His leprosy progressed until, for nearly a

year, he lay immobile in bed, unable to bend his swollen joints.

His

family heard about Troeung and bought him here for treatment. He is much better

now, can move his arms and legs, but his fingers remain twisted. Much of the

skin on his body is discolored, course and patchy, like ragged

leather.

"I will stay here forever because back at my village I'm the

only one who has this disease and it's very shameful," says Sokhom, who has no

idea how he got leprosy.

The village chief, Try Sorn, 55, was sent to

Troeung from Kampot province when he was 21.
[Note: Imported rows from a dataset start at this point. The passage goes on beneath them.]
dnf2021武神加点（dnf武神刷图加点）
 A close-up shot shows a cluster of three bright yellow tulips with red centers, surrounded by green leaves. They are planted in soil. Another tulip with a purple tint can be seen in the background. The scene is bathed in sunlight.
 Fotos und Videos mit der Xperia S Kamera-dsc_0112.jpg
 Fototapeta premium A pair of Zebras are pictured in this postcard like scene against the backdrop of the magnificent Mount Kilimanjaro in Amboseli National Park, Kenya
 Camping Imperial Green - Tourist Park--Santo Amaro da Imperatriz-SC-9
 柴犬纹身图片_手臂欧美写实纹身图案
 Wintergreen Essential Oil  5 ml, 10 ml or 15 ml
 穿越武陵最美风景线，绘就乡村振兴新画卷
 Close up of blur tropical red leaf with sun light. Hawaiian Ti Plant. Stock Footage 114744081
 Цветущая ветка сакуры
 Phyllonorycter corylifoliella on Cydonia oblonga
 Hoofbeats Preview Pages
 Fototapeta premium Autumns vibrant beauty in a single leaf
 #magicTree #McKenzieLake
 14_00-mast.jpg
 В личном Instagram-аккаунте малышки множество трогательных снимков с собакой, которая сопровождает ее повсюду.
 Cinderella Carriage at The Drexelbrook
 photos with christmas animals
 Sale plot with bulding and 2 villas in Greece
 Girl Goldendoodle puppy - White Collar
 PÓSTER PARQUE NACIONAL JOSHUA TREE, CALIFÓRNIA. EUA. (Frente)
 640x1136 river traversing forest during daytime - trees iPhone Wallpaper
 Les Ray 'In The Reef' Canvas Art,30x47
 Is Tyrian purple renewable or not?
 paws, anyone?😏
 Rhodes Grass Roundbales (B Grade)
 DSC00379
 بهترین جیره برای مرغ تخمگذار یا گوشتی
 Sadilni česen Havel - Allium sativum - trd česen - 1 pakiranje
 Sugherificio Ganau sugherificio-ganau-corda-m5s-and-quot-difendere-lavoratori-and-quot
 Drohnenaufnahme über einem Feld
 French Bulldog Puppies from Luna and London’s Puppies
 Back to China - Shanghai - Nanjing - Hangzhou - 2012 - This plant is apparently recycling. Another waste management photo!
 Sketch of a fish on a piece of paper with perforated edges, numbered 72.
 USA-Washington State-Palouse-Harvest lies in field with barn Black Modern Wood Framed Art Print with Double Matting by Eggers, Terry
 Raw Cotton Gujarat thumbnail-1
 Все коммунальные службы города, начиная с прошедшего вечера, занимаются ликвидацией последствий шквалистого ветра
He was cured of leprosy, and

even given a certificate saying he was not infectious, but shame prevented him

returning home.

Life was good under the Sihanouk regime, he says. Lepers

and their families received weekly supplies of rice, fish, pork and beef from

the government.

Later, during the Khmer Rouge years, he and the other

lepers were forced to leave and work in the fields around the

district.

Those whose disabilities prevented them from doing enough work

to satisfy the KR cadre were told to return to Troeung to go to the hospital, he

says. Not knowing the village had been turned into a prison camp, they were

killed there.

Today, Sorn says, the government's policy is that lepers

cured of the disease should not stay at Troeung.

Provincial authorities

give rice - supposedly 15kg a month but sometimes only every two or three months

- to around 100 people who actively carry the disease.

The Don Bosco NGO

dug a well at Troeung and donated a water urn to each house, but Sorn says there

has been no other aid.

Yin Sot, a nurse who acts as director of the

Troeung hospital, says he has occasionally turned away lepers because of a lack

of medicine from the Kompong Cham provincial hospital.

Two or three

lepers arrive at Troeung each week, says Sot. Those from villages 10-15km away

are given a course of medicine, and sent home. Those from afar stay at

Troeung.

"One woman was brought here yesterday and abandoned by her

husband. She is basically paralyzed, she can barely walk."

In its

advanced stages, leprosy causes the bones in fingers and toes to curl and, along

with the face and nose, eventually decay and "shrink" Some victims request their

fingers and toes be amputated to help stop the disease spreading.

Sot

says leprosy is relatively easily treated with oral medicine. Its progress can

be stopped, and the patient cured, but skin and bone already damaged remains so

forever.

Providing patients take their medicine properly, they should not

pass it on to their children or other relatives. Sot, who spends most of his

time monitoring the children of Troeung lepers, says very few get the

disease.

For them, there may be the chance to leave and build another

life. Their parents, with withered skin and bones, have no such hope.